-- Material for this exercise follows --

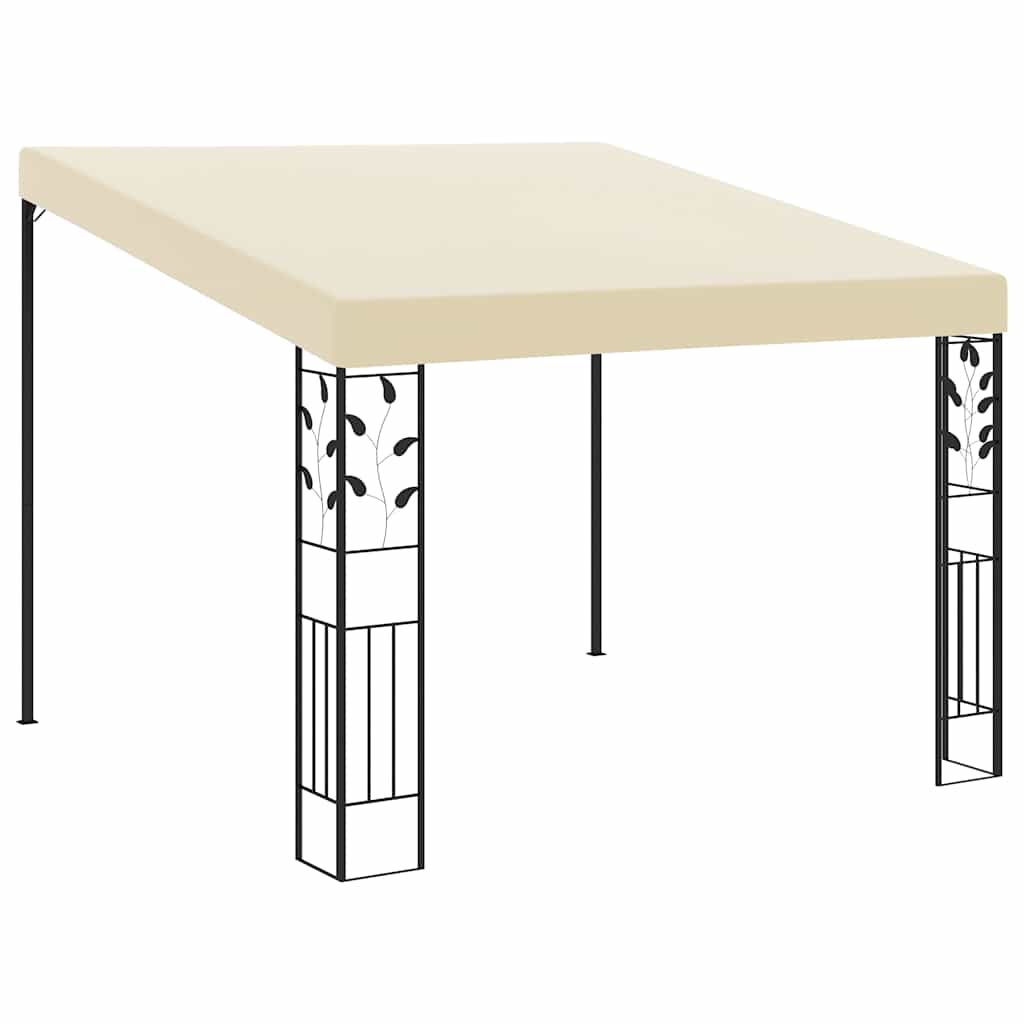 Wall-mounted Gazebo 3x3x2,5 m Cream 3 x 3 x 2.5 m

-- Material for this exercise concluded --
-- Material for this exercise follows --

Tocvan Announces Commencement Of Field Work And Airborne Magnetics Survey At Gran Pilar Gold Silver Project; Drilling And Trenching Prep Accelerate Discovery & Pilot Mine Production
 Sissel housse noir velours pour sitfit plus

-- Material for this exercise concluded --

:: Task objective ::
Give the exact lines, and only those, from the line containing "Tocvan Announces Commencement" through the line containing "Sissel housse noir velours pour sitfit plus" in the entries above.

:: Expected answer ::
Tocvan Announces Commencement Of Field Work And Airborne Magnetics Survey At Gran Pilar Gold Silver Project; Drilling And Trenching Prep Accelerate Discovery & Pilot Mine Production
 Sissel housse noir velours pour sitfit plus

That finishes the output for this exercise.